Let me know if I have not tested this properly.


RBS

"Niek Otten" wrote in message
...
<lookups by looping through these arrays in VBA. I find that this is
often much faster.

My experience is quite the contrary. It is practically impossible to get
even near the speed of Excel's built-in (lookup) functions.
But using FALSE as 4th argument in VLOOKUP is disastrous for performance
with large tables.
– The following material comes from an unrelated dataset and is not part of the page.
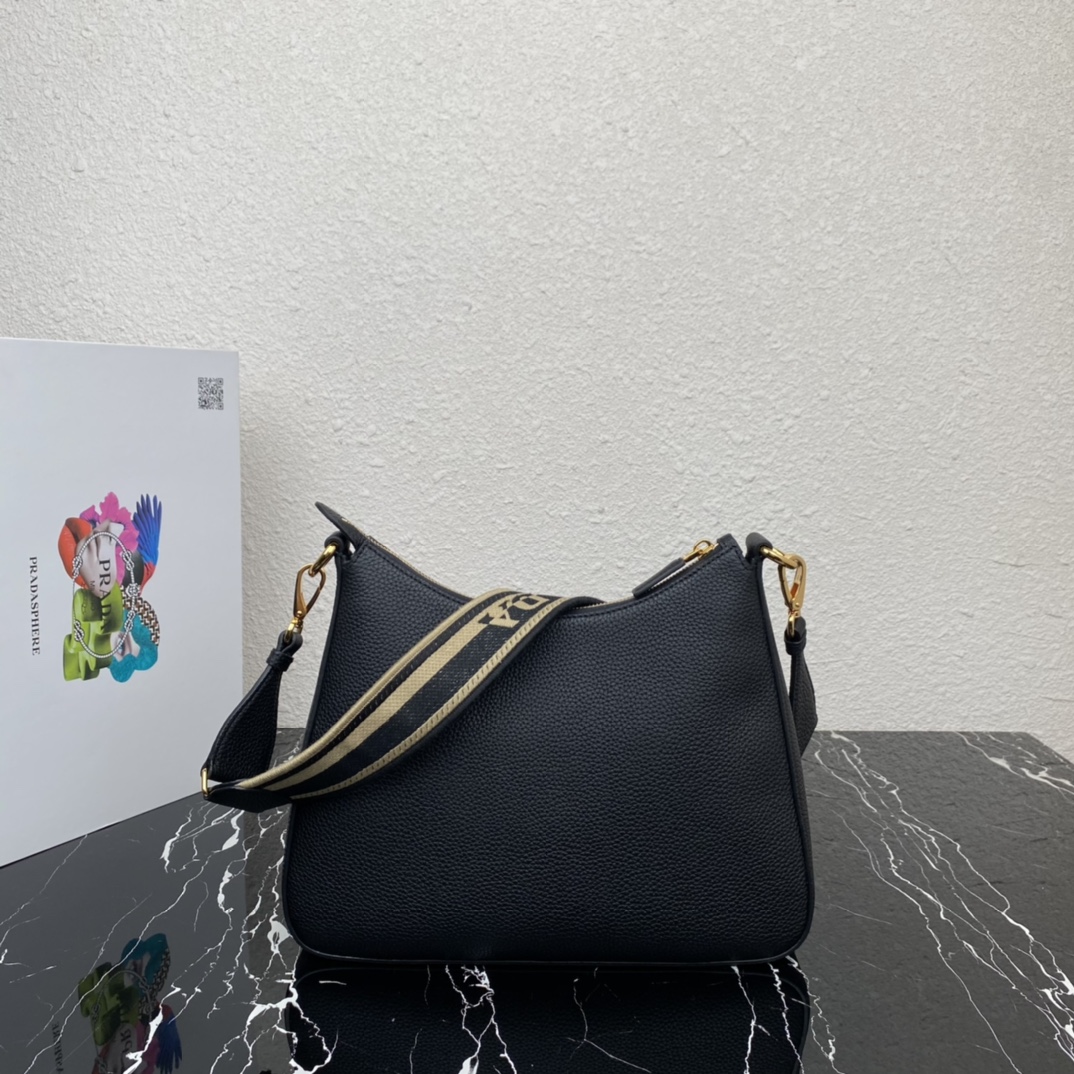 Pra*a leather bag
There are several ways to avoid that.
Even double lookups (to check the values found) for sorted tables with
the 4th argument TRUE or omitted can be several hundreds of times faster
than using FALSE. Doing the double lookup or an INDEX/MATCH combination
in a VBA function is hardly any faster than a VLOOKUP with 4th argument
FALSE.
Of course Excel uses fast algorithms for searching in sorted tables,
that is, 4th argument TRUE.

--
Kind regards,

Niek Otten



"RB Smissaert" wrote in message
...
Other than re-designing the whole project (use a database?) you could
try
not to work with lookup worksheet functions, but get the sheet ranges
in
arrays and do the lookups by looping through these arrays in VBA.
I find that this is often much faster.
If those ranges can be sorted you could even make it faster by using
binary search algorithm's on the arrays, rather than simply looping
from
lbound to ubound.

RBS

"Siva" <Siva wrote in message
...
I have a file, that is +- 200MB in size, and has +- 150 worksheets with
700
lines of formulaes in each worksheet.

Problem is that when I update the one sheet where the lookup is, it
takes
about 10min to do the calculation.

I am also running a PIV 3Ghz HT with 1gig RAM.

How can I get Excel to perform faster?